We listen to “scroll” events and issue database requests and move DOM nodes around and update them as the user scrolls.  For any potentially jarring or expensive transitions such as coordinate space changes from new messages being added above the current scroll position, we wait for scrolling to stop.

Nodes are absolutely positioned within the scroll area using their ‘top’ style but translation transforms also work.  We remove nodes from the DOM, then update their position and their state before re-appending them.  We do this because the browser APZ logic tries to be clever and figure out how to create an efficient series of layers so that it can pre-paint as much of the DOM as possible in graphic buffers, AKA layers, that can be efficiently composited by the GPU.  Its goal is that when the user is scrolling, or something is being animated, that it can just move the layers around the screen or adjust their opacity or other transforms without having to ask the layout engine to re-render portions of the DOM.

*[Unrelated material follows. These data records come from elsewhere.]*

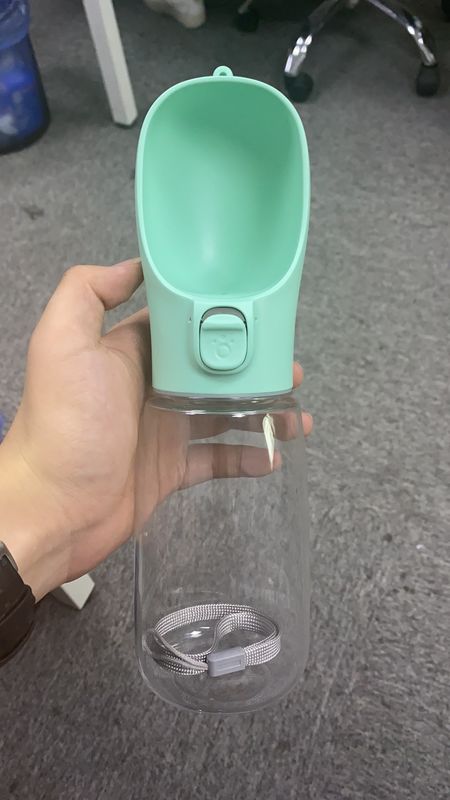 애완 동물 옥외 걷는 하이킹 여행을 위한 분배기를 가진 12 OZ 접히는 개 물병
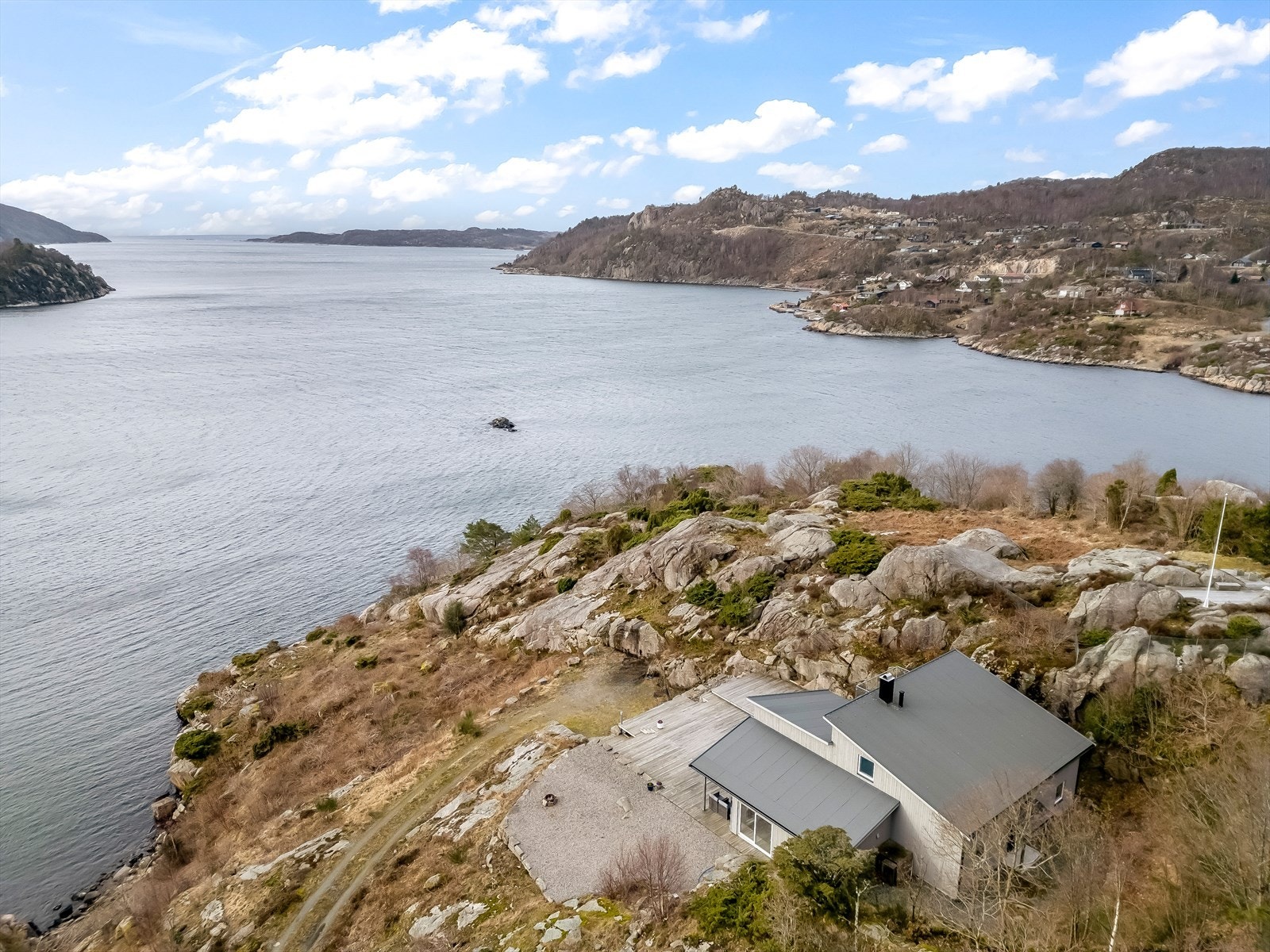 Hytta ligger usjenert til i et veletablert hyttefelt. Flott utsikt til sjøen. Galleribilde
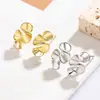 Pendientes Irregulares de Flor de Crema Dulces y Frescos Únicos para Niñas, Estilo Geométrico, Pendientes Pequeños Elegantes y Creativos para Socialités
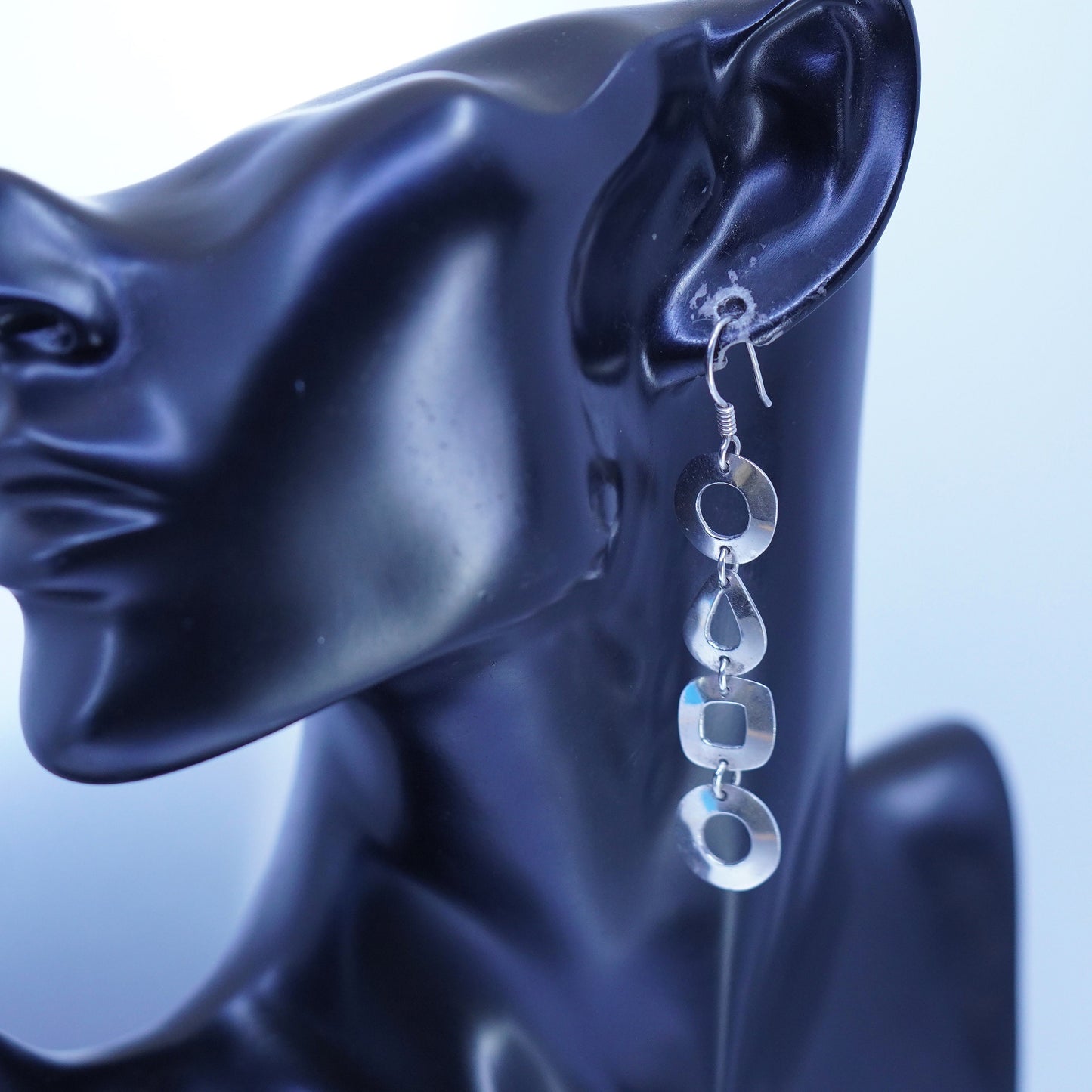 Mexican Sterling 925 silver handmade entwined circle teardrop discs earrings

When our message elements are added to the DOM with an already-initialized absolute position, the APZ logic lumps them together as something it can paint in a single layer along with the other elements in the scrolling region.  But if we start moving them around while they’re still in the DOM, the layerization logic decides that they might want to independently move around more in the future and so each message item ends up in its own layer.  This slows things down.  But by removing them and re-adding them it sees them as new with static positions and decides that it can lump them all together in a single layer.  Really, we could just create new DOM nodes, but we produce slightly less garbage this way and in the event there’s a bug, it’s nicer to mess up with 30 DOM nodes displayed incorrectly rather than 3 million.

But as neat as the layerization stuff is to know about on its own, I really mention it to underscore 2 suggestions:

1, Use a library when possible.  Getting on and staying on APZ fast-paths is not trivial, especially across browser engines.  So it’s a very good idea to use a library rather than rolling your own.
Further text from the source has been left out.